How to Properly Close Java Streams
In this tutorial, you'll learn about How to Properly Close Java Streams. We cover key concepts, practical examples, and best practices.
The Problem
Your Java application leaks file handles or sockets. Files.lines(), BufferedReader.lines(), or custom Stream implementations are not closed after use. The OS eventually runs out of file descriptors, causing Too many open files errors.
Quick Fix
Fix 1: Files.lines() Must Be Closed
WRONG — using Files.lines() without closing:
Stream<String> lines = Files.lines(Paths.get("data.csv"));
lines.forEach(System.out::println);
// (file handle is never closed — resource leak)
RIGHT — use try-with-resources:
try (Stream<String> lines = Files.lines(Paths.get("data.csv"))) {
lines.forEach(System.out::println);
} catch (IOException e) {
e.printStackTrace();
}
// (stream and underlying file handle are closed automatically)
Fix 2: BufferedReader.lines() Requires Closing
BufferedReader reader = new BufferedReader(new FileReader("data.txt"));
Stream<String> lines = reader.lines();
// (both reader and stream must be closed)
WRONG — closing only the stream:
lines.close();
// (reader is not closed)
RIGHT — use try-with-resources on the reader:
try (BufferedReader reader = Files.newBufferedReader(Paths.get("data.txt"))) {
reader.lines().forEach(System.out::println);
} catch (IOException e) {
e.printStackTrace();
}
// (reader and stream are both closed)
Fix 3: Infinite Streams (Stream.generate/iterate)
Stream.generate(Math::random)
.forEach(System.out::println);
// (infinite loop — never terminates)
RIGHT — limit the stream:
Stream.generate(Math::random)
.limit(10)
.forEach(System.out::println);
// (terminates after 10 elements)
Fix 4: Custom Stream Implementation
WRONG — implementing Stream without closing underlying resources:
class MyStream<T> implements Stream<T> {
private Connection connection;
// onClose() handler not set — resources not released
}
RIGHT — use onClose to register cleanup:
Stream<T> stream = StreamSupport.stream(spliterator, false)
.onClose(() -> {
connection.close();
file.close();
});
Fix 5: Chained Stream Operations
// Intermediate operations (filter, map) do not open resources.
// Terminal operations (collect, forEach) close the stream.
// But if a terminal operation throws, the stream is not closed:
try {
Files.lines(Paths.get("data.csv"))
.map(line -> { throw new RuntimeException(); })

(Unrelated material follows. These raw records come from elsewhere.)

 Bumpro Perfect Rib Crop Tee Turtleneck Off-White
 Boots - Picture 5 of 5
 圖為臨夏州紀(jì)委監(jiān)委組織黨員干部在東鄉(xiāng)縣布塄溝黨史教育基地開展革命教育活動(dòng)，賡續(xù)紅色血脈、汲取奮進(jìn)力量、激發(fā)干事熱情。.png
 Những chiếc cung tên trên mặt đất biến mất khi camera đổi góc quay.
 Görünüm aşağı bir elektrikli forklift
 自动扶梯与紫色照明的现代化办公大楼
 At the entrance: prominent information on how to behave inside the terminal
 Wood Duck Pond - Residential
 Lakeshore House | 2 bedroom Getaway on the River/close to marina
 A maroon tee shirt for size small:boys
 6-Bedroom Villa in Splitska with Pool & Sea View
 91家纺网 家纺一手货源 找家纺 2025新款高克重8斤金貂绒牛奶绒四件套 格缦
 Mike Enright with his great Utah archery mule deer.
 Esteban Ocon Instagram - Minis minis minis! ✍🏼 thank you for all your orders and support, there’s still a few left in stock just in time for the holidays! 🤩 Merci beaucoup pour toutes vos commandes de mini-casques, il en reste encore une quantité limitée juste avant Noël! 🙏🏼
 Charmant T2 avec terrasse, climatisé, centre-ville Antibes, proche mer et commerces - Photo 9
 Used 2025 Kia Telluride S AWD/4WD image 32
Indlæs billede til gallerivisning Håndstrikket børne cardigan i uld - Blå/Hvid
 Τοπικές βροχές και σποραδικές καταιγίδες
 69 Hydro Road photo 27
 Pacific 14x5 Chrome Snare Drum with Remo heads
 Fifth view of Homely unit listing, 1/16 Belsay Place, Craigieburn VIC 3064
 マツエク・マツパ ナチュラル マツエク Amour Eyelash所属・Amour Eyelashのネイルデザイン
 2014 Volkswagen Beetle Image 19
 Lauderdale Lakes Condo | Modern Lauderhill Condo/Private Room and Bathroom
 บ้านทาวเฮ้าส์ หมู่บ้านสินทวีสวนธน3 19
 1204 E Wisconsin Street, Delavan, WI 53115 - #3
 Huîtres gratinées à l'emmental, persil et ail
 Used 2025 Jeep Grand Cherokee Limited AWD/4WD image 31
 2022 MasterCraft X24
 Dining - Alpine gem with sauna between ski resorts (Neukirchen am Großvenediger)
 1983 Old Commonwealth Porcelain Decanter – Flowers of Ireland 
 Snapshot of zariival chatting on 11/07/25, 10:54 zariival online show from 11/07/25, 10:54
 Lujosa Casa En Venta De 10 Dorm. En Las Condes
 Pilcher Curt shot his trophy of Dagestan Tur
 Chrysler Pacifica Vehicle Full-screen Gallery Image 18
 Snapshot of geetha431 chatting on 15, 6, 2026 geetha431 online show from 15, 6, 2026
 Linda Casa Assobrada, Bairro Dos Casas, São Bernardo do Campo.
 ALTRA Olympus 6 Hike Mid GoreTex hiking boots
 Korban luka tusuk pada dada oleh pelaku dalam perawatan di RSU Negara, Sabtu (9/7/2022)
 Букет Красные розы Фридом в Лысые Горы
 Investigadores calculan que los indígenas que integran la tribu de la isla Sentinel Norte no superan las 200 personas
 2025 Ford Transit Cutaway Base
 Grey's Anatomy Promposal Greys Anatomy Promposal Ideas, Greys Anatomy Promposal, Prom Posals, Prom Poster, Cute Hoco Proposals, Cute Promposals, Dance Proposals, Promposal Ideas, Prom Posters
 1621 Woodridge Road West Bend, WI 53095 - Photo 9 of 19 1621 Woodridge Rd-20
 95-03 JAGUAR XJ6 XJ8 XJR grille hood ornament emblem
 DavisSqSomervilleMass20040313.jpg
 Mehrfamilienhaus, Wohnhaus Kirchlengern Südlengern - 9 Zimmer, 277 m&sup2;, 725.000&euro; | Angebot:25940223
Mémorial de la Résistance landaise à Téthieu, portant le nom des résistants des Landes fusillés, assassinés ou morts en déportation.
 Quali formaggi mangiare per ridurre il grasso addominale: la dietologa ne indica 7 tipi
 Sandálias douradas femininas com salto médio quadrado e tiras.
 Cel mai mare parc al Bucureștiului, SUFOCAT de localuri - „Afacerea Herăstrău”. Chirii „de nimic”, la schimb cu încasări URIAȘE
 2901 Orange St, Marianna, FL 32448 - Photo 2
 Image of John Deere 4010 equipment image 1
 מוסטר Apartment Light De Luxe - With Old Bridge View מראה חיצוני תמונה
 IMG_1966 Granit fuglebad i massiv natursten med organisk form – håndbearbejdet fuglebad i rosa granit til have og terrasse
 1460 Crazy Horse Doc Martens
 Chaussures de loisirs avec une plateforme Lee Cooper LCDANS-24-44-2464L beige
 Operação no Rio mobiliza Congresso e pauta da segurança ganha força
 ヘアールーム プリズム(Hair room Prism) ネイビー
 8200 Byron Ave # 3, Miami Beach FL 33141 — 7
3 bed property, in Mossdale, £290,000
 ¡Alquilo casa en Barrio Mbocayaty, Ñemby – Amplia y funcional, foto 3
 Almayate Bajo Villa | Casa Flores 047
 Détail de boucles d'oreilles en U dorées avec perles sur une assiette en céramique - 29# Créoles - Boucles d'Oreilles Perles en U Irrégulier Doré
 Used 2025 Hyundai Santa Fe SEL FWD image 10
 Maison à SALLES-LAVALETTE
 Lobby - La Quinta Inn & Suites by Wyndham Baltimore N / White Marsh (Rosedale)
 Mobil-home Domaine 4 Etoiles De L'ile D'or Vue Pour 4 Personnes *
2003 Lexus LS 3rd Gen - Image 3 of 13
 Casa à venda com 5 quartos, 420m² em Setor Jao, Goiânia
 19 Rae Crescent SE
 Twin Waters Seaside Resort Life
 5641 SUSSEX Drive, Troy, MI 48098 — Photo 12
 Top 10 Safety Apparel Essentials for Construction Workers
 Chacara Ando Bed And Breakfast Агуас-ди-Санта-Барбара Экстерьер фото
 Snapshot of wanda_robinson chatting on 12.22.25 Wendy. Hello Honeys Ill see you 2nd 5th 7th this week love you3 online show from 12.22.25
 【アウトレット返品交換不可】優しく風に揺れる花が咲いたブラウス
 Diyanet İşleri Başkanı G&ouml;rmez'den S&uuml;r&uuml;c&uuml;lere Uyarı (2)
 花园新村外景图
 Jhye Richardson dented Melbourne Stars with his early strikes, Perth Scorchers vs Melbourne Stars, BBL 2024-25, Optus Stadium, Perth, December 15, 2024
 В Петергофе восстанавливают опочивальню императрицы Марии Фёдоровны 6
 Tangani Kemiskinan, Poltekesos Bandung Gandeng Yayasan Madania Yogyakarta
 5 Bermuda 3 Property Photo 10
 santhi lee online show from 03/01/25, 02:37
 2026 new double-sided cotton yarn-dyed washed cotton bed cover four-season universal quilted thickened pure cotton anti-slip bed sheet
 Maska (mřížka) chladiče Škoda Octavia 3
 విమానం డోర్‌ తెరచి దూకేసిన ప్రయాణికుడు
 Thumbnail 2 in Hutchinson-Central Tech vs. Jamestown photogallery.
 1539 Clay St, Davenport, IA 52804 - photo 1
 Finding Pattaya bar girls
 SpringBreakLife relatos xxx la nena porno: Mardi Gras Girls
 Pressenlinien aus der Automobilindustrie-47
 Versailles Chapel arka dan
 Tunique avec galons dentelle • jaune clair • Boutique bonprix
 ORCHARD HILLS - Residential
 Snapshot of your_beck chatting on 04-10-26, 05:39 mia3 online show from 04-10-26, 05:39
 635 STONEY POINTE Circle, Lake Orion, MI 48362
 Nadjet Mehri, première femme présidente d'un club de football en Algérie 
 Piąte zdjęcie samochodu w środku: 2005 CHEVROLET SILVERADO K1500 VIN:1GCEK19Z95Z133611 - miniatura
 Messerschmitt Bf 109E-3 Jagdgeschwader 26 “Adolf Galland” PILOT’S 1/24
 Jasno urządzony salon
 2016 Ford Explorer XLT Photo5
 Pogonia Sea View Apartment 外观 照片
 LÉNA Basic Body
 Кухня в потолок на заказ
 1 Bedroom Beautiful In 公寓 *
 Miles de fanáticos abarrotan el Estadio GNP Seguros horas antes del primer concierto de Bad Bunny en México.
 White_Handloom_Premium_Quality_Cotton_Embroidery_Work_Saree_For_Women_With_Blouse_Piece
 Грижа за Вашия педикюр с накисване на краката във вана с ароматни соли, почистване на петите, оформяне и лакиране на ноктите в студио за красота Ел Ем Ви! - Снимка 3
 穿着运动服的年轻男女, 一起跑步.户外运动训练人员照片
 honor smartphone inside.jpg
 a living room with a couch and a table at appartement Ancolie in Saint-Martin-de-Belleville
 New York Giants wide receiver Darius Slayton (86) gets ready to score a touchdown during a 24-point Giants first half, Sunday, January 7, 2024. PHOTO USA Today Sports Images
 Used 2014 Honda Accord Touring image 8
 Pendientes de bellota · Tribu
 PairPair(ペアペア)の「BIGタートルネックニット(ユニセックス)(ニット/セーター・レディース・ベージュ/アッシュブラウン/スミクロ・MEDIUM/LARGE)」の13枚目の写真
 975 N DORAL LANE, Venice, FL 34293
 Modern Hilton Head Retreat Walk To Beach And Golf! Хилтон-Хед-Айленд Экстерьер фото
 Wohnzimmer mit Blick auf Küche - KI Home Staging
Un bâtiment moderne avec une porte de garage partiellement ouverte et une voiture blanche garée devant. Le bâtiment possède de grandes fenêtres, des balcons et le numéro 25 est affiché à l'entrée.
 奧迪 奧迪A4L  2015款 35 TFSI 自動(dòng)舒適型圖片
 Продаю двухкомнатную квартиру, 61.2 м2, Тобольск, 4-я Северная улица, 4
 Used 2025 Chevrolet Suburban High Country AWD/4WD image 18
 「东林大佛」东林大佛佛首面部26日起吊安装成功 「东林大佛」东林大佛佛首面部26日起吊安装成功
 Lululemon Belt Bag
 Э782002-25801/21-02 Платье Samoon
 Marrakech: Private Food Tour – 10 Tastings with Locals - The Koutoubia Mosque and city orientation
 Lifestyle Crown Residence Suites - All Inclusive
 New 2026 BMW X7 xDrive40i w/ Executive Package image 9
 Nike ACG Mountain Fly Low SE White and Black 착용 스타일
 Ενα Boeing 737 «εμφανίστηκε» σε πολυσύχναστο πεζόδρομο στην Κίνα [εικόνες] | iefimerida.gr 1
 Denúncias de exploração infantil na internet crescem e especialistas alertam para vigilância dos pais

.collect(Collectors.toList());
} catch (RuntimeException e) {
// The stream is not closed due to the exception!
}
RIGHT — wrap in try-with-resources:
try (Stream<String> lines = Files.lines(Paths.get("data.csv"))) {
List<String> result = lines
.map(line -> { throw new RuntimeException(); })
.collect(Collectors.toList());
} catch (RuntimeException e) {
// stream is closed by try-with-resources
}
Fix 6: Check for Too Many Open Files
# Linux:
lsof -p $(pgrep -f myapp) | wc -l
# (monitor the count over time)
ulimit -n
# 1024 — default file descriptor limit
Increase the limit in the JVM:
java -Xms256m -Xmx1g -jar myapp.jar
# And in the OS:
ulimit -n 65536
Use DodaTech's Resource Monitor to track file descriptor usage, detect stream leaks, and alert on resource exhaustion in Java applications.
Prevention
- Always use try-with-resources for
Files.lines()andBufferedReader.lines(). - Close the underlying reader, not just the stream.
- Register
onClosehandlers for custom streams. - Limit infinite streams with
limit(). - Monitor file descriptor usage in production.
Common Mistakes with stream close
- Non-exhaustive pattern matches that compile with warnings then crash at runtime
- Misunderstanding that
Stringis[Char]with poor performance for large text operations - Using
foldlinstead offoldl'causing stack overflow on large lists
These mistakes appear frequently in real-world JAVA code. DodaTech's contributors have identified these patterns through analysis of open-source projects and production systems.
Practice Exercise
Write a pure function that safely divides two integers using Maybe, then test it with edge cases like division by zero and negative numbers.
This exercise reinforces the concepts covered in this guide. Try implementing it before checking online solutions.